WORK TO BE COMPLETED> For the entries that follow, retype exactly the lines from the one containing "Men's Leather Sneaker" to the one containing "Moule à bougie", inclusive, and only those. Images stay out of the copy.

Short descriptive text snippets>
- Opening Delimiter -
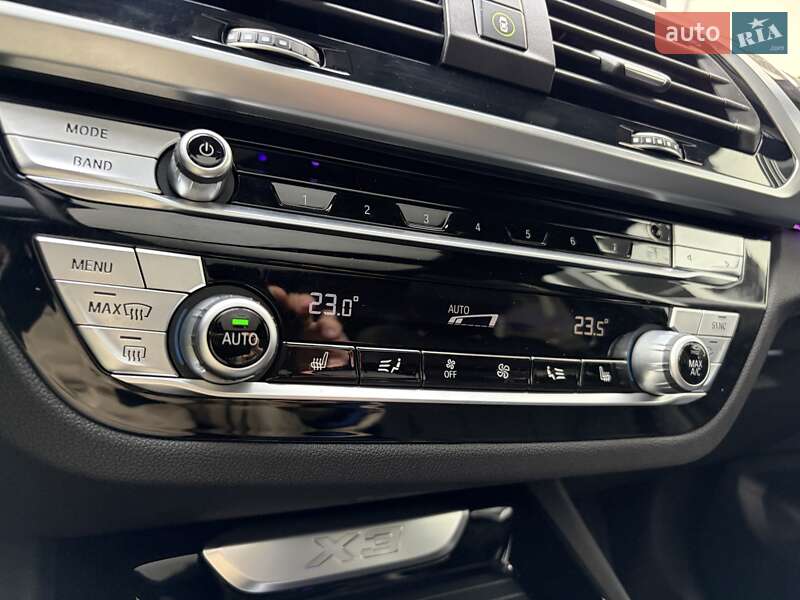 Позашляховик / Кросовер BMW X3 2021 в Києві фото 17 Позашляховик / Кросовер BMW X3 2021 в Києві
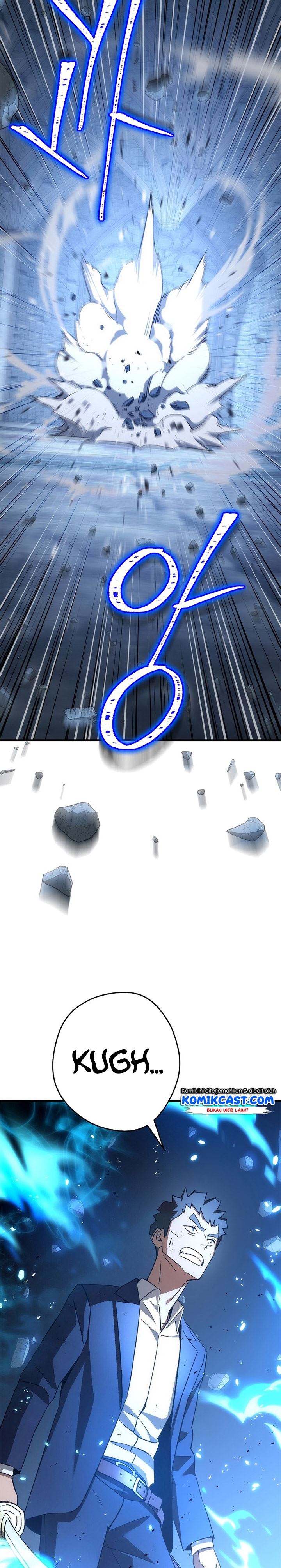 The Hero Returns Chap 21 - Next Chap 22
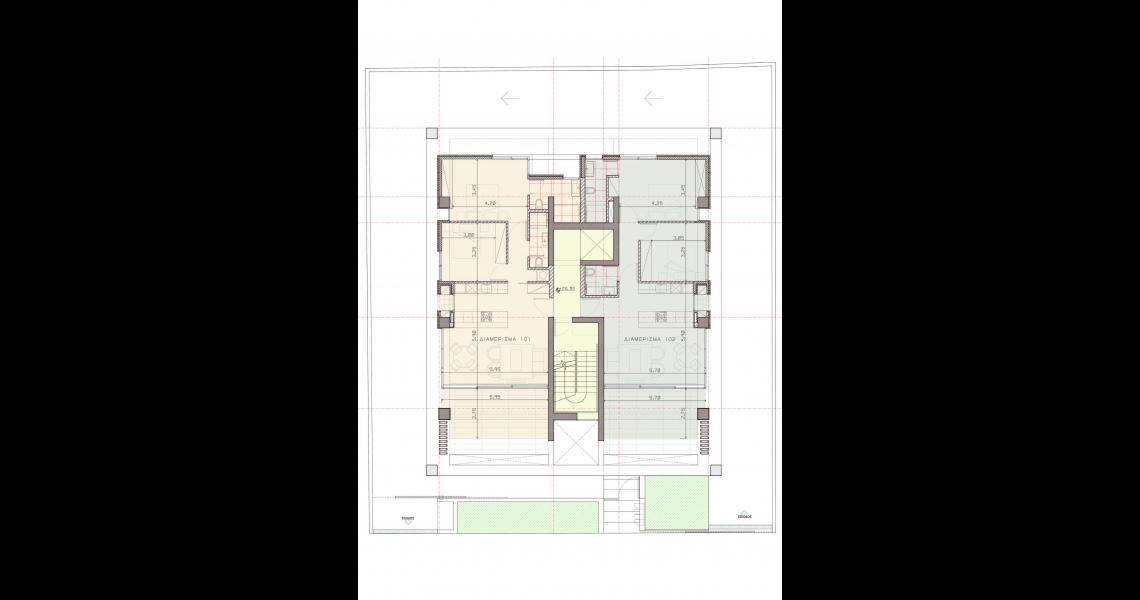2-Bedroom Apartment near Sea — photo 5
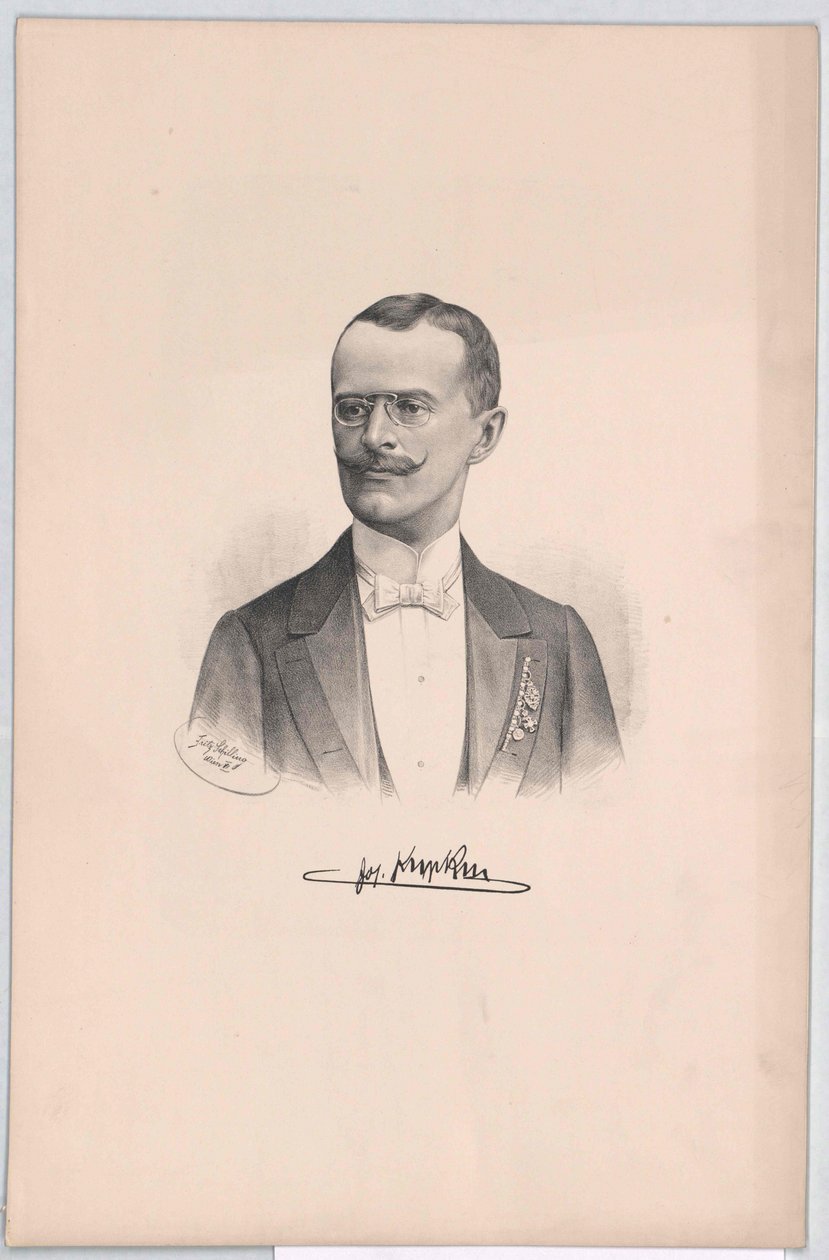 Joseph Kupka by Artist Unknown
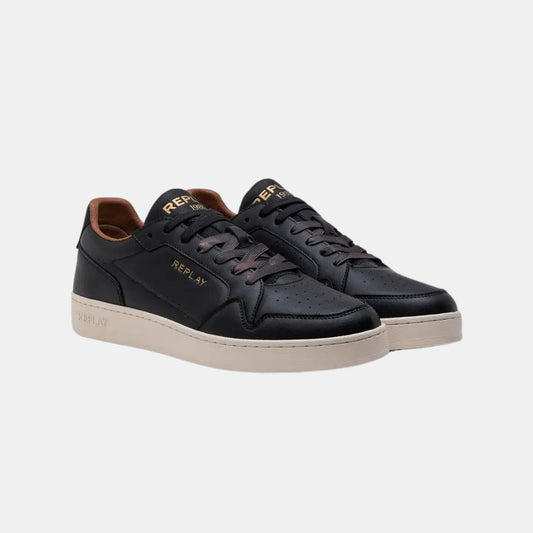 "SMASH Choice 2" Men's Leather Sneaker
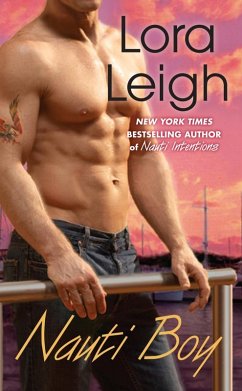 Nauti Boy (eBook, ePUB) - Leigh, Lora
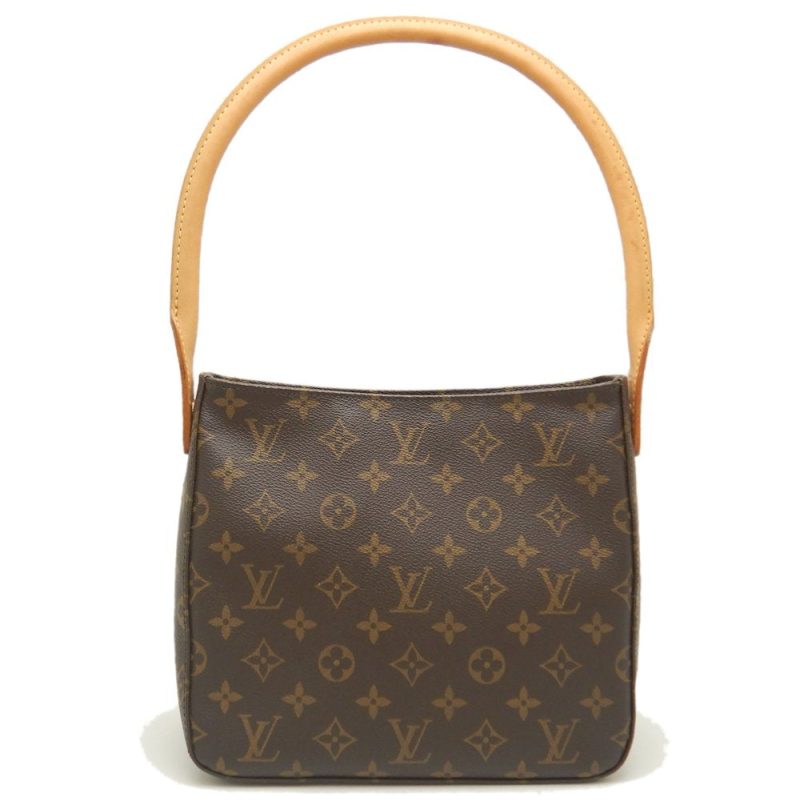 Louis Vuitton Monogram Looping MM Shoulder Bag - Barde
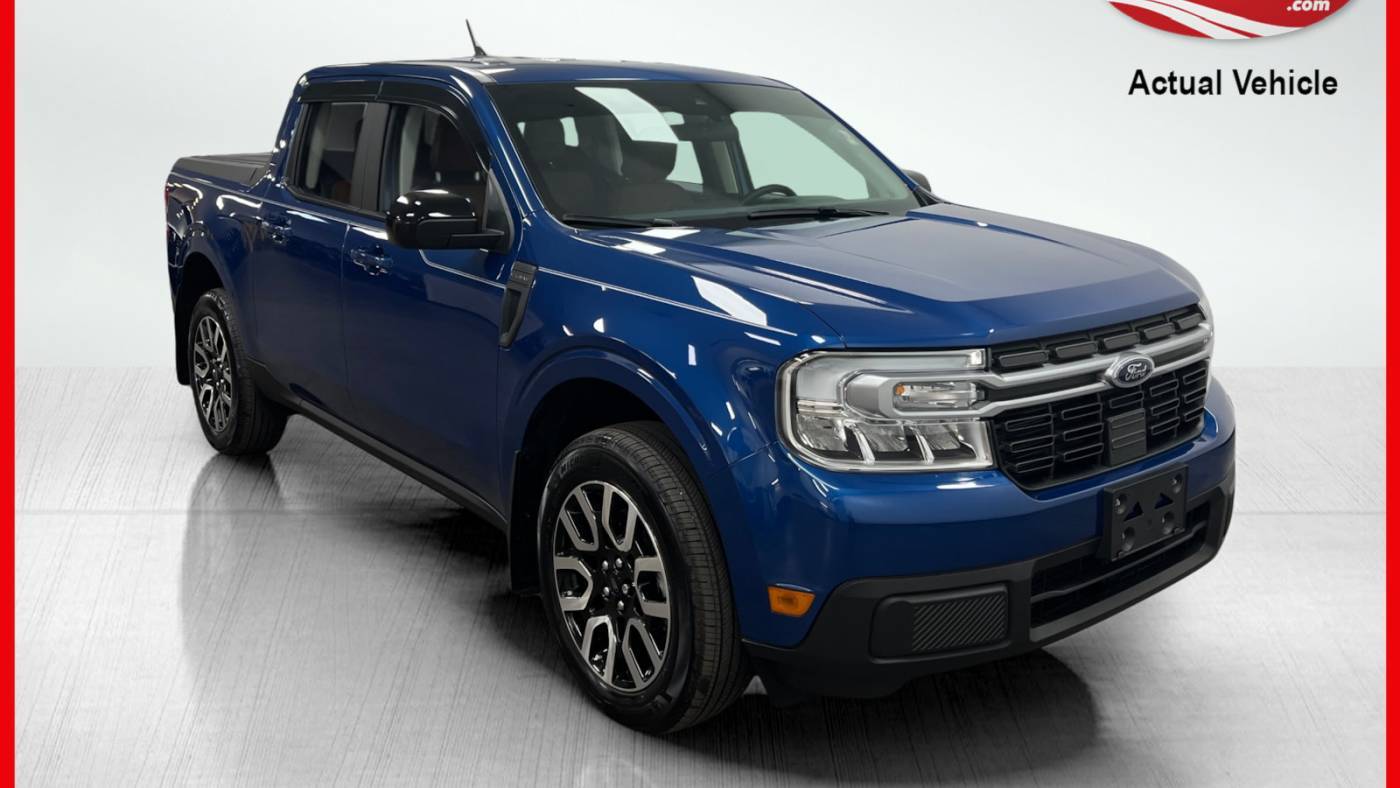 2024 Ford Maverick LARIAT — Pickup Truck — 7,703 mi — Clearwater, FL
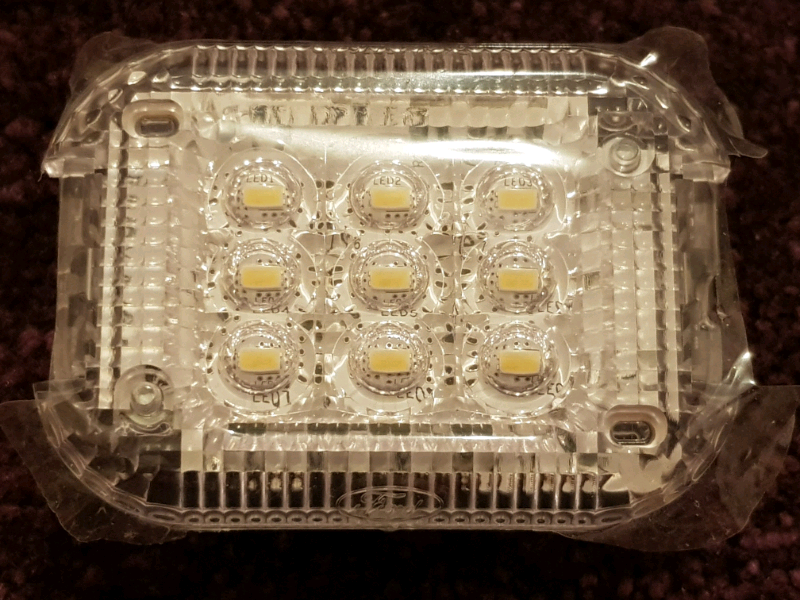 ford transit cargo led lights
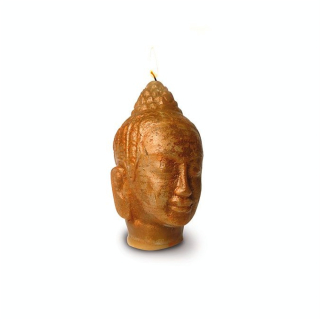 Moule à bougie en latex Bouddha 11 cm - Graine Créative - Rougier et Plé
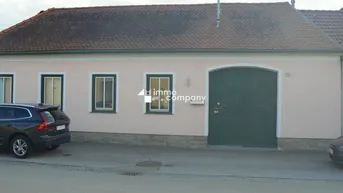 Expose Einfamilienhaus in Großkadolz: Sanierungsbedürftig, 110m² für nur 84.000€!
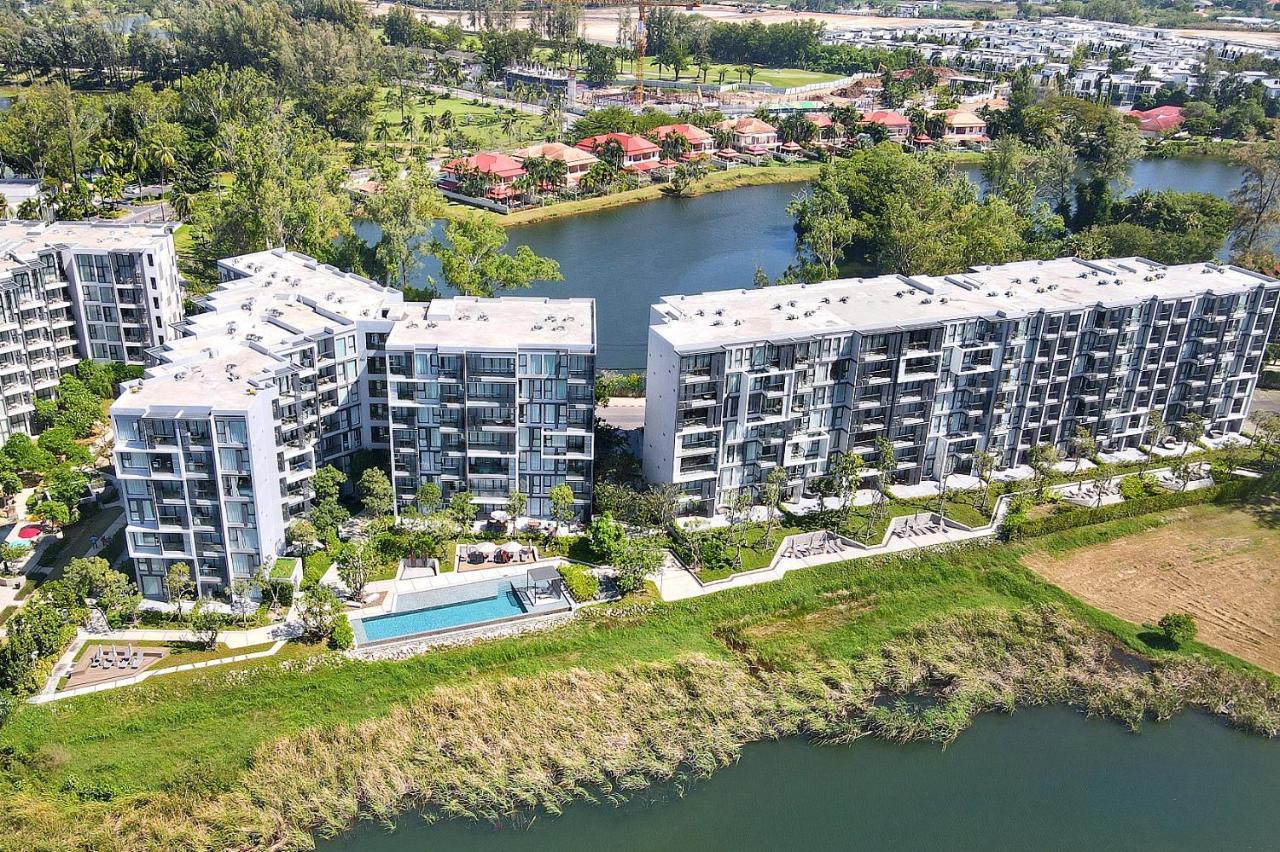 Cassia Residences By Laguna Phuket 방타오 비치 외부 사진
- Closing Delimiter -
RESPONSE TO THIS EXERCISE>
 "SMASH Choice 2" Men's Leather Sneaker
 Nauti Boy (eBook, ePUB) - Leigh, Lora
 Louis Vuitton Monogram Looping MM Shoulder Bag - Barde
 2024 Ford Maverick LARIAT — Pickup Truck — 7,703 mi — Clearwater, FL
 ford transit cargo led lights
 Moule à bougie en latex Bouddha 11 cm - Graine Créative - Rougier et Plé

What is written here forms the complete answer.